The lines to reproduce from the material below are those from the one containing "Duttini | Relaxed" through the one containing "Collier pendentif double", both included; write them out exactly and add nothing.

**Material to process**
*** Block opens ***

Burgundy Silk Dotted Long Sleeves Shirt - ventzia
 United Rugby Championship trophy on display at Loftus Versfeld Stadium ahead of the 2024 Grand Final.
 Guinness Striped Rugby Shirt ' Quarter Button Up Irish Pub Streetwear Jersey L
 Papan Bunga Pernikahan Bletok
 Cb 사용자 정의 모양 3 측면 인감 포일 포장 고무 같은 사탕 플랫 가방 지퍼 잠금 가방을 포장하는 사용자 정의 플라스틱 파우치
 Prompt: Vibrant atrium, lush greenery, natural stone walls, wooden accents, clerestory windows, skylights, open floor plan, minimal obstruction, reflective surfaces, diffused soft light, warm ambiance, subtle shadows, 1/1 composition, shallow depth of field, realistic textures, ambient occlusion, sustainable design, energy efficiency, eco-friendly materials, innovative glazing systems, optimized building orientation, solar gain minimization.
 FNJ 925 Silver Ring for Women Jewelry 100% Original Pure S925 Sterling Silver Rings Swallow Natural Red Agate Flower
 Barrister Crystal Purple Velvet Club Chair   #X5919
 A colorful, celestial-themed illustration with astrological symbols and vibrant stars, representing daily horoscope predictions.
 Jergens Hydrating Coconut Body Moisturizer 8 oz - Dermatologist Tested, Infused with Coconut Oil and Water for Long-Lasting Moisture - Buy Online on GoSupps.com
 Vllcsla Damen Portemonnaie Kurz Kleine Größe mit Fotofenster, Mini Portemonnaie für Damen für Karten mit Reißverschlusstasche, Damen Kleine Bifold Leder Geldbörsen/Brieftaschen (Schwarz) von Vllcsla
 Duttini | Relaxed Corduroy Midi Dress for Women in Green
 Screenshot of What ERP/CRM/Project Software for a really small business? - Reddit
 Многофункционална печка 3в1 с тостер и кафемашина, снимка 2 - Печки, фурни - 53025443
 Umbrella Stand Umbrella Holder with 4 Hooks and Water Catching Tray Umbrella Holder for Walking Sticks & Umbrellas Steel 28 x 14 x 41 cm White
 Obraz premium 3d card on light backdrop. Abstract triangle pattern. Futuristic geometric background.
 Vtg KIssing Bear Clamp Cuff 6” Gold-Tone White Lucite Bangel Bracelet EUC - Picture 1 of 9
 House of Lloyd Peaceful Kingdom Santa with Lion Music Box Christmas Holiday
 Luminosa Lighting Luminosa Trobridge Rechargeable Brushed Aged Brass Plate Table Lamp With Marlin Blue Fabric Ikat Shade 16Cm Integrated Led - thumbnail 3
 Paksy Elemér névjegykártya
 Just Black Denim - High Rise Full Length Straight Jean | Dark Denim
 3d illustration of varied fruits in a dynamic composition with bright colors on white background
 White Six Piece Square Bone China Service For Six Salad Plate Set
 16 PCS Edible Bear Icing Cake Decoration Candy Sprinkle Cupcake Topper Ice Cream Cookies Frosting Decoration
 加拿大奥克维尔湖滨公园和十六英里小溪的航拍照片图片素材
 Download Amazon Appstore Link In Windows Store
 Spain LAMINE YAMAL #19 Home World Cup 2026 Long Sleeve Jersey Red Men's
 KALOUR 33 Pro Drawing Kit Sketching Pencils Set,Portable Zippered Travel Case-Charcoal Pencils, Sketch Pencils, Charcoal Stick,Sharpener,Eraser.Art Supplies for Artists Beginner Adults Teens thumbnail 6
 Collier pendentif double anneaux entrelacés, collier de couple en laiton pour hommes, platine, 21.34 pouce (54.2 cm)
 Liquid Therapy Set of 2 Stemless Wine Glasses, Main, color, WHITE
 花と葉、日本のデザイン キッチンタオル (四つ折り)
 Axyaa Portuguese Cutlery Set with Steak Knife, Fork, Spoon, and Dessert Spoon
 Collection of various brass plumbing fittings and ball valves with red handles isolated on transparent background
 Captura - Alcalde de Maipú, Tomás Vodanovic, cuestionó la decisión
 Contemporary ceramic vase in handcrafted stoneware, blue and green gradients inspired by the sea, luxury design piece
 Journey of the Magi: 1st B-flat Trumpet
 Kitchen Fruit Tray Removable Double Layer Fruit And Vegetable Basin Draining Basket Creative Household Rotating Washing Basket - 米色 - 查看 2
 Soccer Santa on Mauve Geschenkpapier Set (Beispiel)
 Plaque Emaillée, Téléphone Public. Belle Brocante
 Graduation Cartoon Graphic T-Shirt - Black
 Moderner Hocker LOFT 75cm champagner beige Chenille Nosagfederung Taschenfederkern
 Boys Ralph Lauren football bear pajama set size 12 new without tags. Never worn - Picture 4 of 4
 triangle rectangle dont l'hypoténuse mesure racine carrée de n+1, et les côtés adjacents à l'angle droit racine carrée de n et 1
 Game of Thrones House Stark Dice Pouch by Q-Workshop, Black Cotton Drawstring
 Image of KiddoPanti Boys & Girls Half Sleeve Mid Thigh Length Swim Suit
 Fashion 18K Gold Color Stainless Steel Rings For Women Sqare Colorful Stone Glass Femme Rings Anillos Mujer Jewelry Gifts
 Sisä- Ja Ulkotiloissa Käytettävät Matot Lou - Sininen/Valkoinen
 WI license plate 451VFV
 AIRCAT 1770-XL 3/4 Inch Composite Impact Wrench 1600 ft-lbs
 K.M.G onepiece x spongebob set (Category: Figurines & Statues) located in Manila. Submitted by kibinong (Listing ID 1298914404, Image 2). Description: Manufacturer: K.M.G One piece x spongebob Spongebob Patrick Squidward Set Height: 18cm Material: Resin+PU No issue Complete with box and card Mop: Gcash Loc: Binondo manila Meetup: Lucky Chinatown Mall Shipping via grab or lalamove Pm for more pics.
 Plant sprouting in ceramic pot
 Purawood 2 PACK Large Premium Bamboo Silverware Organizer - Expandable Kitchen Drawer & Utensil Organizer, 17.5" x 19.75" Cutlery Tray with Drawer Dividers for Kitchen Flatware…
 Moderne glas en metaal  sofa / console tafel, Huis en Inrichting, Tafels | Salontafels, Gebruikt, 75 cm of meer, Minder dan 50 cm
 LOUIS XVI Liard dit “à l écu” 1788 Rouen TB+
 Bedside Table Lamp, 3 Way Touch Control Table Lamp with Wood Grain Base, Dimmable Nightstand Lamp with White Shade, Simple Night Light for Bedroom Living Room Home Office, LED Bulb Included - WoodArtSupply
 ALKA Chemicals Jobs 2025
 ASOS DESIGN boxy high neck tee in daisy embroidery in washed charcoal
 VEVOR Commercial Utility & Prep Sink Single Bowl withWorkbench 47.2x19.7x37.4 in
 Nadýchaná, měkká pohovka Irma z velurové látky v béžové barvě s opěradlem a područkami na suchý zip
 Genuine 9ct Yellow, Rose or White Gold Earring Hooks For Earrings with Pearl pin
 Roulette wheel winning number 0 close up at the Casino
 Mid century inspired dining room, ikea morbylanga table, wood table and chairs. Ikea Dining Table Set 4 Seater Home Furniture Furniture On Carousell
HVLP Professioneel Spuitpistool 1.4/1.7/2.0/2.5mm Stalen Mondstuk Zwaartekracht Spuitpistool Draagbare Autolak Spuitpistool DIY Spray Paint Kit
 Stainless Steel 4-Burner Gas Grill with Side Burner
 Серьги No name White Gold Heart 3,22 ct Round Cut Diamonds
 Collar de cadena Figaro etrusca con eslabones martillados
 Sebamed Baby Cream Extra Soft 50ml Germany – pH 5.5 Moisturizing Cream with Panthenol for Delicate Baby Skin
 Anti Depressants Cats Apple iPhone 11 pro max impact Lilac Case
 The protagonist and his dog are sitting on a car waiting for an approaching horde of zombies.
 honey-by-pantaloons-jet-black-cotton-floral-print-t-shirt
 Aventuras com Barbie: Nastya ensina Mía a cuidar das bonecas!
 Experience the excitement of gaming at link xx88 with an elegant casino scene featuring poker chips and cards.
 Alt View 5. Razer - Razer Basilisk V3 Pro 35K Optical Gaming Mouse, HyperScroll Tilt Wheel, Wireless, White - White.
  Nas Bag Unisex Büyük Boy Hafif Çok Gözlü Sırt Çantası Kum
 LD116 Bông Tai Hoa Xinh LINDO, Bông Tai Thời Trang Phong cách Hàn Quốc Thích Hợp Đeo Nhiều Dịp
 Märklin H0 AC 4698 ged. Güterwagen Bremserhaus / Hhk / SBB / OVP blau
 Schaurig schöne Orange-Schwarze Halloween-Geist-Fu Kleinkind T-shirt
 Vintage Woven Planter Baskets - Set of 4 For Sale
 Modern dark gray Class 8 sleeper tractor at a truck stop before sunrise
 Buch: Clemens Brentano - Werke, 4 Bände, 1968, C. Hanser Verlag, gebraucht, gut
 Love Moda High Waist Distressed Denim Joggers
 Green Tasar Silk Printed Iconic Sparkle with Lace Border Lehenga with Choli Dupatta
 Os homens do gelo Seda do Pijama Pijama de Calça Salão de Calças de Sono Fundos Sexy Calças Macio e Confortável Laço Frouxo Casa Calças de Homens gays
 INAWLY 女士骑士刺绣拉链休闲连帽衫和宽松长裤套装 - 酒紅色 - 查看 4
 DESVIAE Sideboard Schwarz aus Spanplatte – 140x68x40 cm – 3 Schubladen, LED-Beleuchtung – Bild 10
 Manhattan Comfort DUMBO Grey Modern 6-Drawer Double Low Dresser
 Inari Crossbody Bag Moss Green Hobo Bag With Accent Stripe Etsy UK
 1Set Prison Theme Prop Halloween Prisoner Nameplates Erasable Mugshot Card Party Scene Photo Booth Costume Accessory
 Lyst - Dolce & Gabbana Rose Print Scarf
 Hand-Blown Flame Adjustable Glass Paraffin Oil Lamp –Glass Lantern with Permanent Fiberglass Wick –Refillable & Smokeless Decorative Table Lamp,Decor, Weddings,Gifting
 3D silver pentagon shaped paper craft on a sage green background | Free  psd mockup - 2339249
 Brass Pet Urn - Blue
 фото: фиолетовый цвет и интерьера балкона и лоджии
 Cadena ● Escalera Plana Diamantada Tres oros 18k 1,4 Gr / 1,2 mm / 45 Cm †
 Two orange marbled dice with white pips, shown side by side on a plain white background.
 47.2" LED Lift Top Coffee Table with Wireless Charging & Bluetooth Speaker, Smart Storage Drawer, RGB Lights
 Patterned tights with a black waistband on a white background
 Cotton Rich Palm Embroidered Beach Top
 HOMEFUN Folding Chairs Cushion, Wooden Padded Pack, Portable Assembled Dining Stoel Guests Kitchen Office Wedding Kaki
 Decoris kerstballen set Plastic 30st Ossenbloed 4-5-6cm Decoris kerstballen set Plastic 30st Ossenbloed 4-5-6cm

*** Block closes ***

**The completed task**
 Duttini | Relaxed Corduroy Midi Dress for Women in Green
 Screenshot of What ERP/CRM/Project Software for a really small business? - Reddit
 Многофункционална печка 3в1 с тостер и кафемашина, снимка 2 - Печки, фурни - 53025443
 Umbrella Stand Umbrella Holder with 4 Hooks and Water Catching Tray Umbrella Holder for Walking Sticks & Umbrellas Steel 28 x 14 x 41 cm White
 Obraz premium 3d card on light backdrop. Abstract triangle pattern. Futuristic geometric background.
 Vtg KIssing Bear Clamp Cuff 6” Gold-Tone White Lucite Bangel Bracelet EUC - Picture 1 of 9
 House of Lloyd Peaceful Kingdom Santa with Lion Music Box Christmas Holiday
 Luminosa Lighting Luminosa Trobridge Rechargeable Brushed Aged Brass Plate Table Lamp With Marlin Blue Fabric Ikat Shade 16Cm Integrated Led - thumbnail 3
 Paksy Elemér névjegykártya
 Just Black Denim - High Rise Full Length Straight Jean | Dark Denim
 3d illustration of varied fruits in a dynamic composition with bright colors on white background
 White Six Piece Square Bone China Service For Six Salad Plate Set
 16 PCS Edible Bear Icing Cake Decoration Candy Sprinkle Cupcake Topper Ice Cream Cookies Frosting Decoration
 加拿大奥克维尔湖滨公园和十六英里小溪的航拍照片图片素材
 Download Amazon Appstore Link In Windows Store
 Spain LAMINE YAMAL #19 Home World Cup 2026 Long Sleeve Jersey Red Men's
 KALOUR 33 Pro Drawing Kit Sketching Pencils Set,Portable Zippered Travel Case-Charcoal Pencils, Sketch Pencils, Charcoal Stick,Sharpener,Eraser.Art Supplies for Artists Beginner Adults Teens thumbnail 6
 Collier pendentif double anneaux entrelacés, collier de couple en laiton pour hommes, platine, 21.34 pouce (54.2 cm)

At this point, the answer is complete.